Exercise instructions: Each line of the data holding "Birthday" should be found and copied.

--- Given information Enclosed Below ---

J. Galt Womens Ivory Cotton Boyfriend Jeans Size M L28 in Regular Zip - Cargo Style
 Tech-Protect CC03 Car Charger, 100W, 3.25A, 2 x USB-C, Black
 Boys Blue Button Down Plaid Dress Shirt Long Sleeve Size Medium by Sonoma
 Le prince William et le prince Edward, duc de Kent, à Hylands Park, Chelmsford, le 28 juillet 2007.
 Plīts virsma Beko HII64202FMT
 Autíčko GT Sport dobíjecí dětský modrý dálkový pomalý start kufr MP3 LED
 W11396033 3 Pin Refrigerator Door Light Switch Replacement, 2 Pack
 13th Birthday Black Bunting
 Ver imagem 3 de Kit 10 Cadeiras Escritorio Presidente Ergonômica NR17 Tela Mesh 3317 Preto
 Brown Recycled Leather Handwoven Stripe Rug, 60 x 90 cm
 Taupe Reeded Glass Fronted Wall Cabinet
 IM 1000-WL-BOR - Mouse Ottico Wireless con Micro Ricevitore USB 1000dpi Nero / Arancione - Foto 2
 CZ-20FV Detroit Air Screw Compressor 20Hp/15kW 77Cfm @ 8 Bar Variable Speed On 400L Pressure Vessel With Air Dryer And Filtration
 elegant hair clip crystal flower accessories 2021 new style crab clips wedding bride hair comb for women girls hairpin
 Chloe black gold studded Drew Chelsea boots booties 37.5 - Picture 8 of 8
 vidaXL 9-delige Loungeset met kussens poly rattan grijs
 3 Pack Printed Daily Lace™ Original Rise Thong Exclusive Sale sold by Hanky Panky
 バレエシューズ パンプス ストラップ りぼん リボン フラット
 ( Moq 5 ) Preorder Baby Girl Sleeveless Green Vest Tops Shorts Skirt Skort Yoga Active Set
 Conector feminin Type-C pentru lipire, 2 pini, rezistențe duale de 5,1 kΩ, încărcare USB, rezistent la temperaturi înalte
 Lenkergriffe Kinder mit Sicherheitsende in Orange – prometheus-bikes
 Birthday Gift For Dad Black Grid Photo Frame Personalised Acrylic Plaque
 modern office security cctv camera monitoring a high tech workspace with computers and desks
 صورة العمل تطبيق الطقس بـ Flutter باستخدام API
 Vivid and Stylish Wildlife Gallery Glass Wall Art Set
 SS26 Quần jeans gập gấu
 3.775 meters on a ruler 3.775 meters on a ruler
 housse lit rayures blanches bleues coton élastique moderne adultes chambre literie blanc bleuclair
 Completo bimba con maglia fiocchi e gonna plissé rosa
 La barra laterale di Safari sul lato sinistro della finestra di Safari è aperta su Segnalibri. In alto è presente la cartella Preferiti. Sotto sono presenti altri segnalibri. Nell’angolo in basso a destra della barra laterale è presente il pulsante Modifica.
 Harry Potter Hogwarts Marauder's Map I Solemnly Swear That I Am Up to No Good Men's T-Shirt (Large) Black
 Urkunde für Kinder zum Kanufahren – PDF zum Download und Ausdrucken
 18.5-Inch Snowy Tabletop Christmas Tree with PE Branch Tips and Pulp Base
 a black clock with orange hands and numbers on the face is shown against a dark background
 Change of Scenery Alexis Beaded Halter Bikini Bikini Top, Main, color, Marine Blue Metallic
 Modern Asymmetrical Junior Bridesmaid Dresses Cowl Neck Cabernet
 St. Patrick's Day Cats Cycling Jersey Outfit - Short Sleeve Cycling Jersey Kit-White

--- End of Enclosed Given information ---

Your response:
 13th Birthday Black Bunting
 Birthday Gift For Dad Black Grid Photo Frame Personalised Acrylic Plaque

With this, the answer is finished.